In their words – the legacy of Bob Bose:
“Council will miss him and the community will miss him. You can’t replace what he brought to the table, which was his expertise, his commitment and his pure attention to the community perspective.”
~ Coun. Barinder Rasode
“Everybody has to admire him for the good work that he’s done in all the years that he’s worked for the City of Surrey.”
~ Coun. Mary Martin
“I have drawn on councillor Bob Bose’s vast experience, I have quitely listened and learned from “the mentor” from afar. Bob has a sense of humour only a few could enjoy and appreciate – me being one of them. His dry wit and raucous laugh have educated and entertained us on council for many years.
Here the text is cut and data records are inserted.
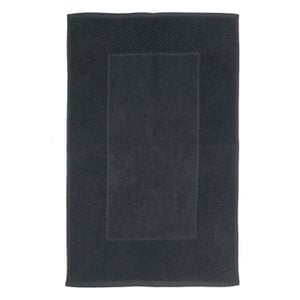 Badmat 50 x 80 cm, 1200 gr./m², Velours, Zilvergrijs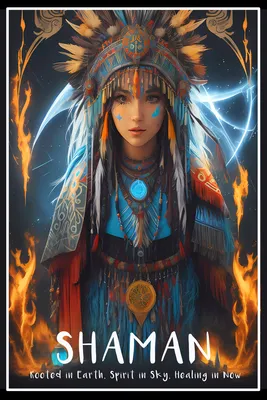 Wall Art Print | THE SHAMAN: Rooted in Earth, Spirit in Sky, Healing in Now  | Abposters.com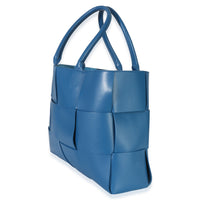 Bottega Veneta Blue Nappa Maxi Intrecciato Large Arco Tote Handbag 2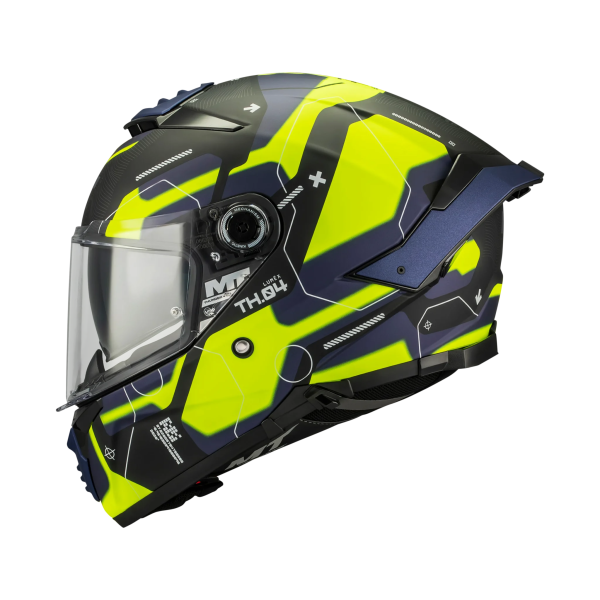 Casca integrala MT Thunder 4 SV Lumex B27 albastru/galben mat (ochelari soare integrati) - S (55/56cm), 4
I believe, it would be appropriate and fitting to recognize his almost half-century of service to the City of Surrey by honouring the Bose name in an enduring and permanent way in the future.”
~ Coun.Tom Gill
“He was always incredibly good and fair with staff… He brought a real sense of urban promise, because Bob is so vigilant around design that he made everyone else vigilant about design. I think his love of architecture shows in every single thing that he does.”
~ Coun. Linda Hepner
“… A treasure of the city for many, many years. His family is well known, he is well known, he is really, really active in the city. I am very fond of Bob… he’s a very fine man.”
~ Coun. Barbara Steele
“He wanted Surrey to look good. He wanted the architecture, the buildings. and the city to just look good… he has been a champion of that for a very long time.”
~ Coun. Marvin Hunt
“I think his voice has been really important at the council table. He’s been committed to the city and cared about the fact that he wanted it to develop in a sensitive way. He never compromised his opinions and let them stand, and I think people admired that about Bob.”
~ Coun. Judy Villeneuve
“With Bob coming from a pioneer family his roots ran deep in Surrey. He dedicated many years to public service both as a councillor and as mayor. I wish him all the very best and acknowledge his many years of service.”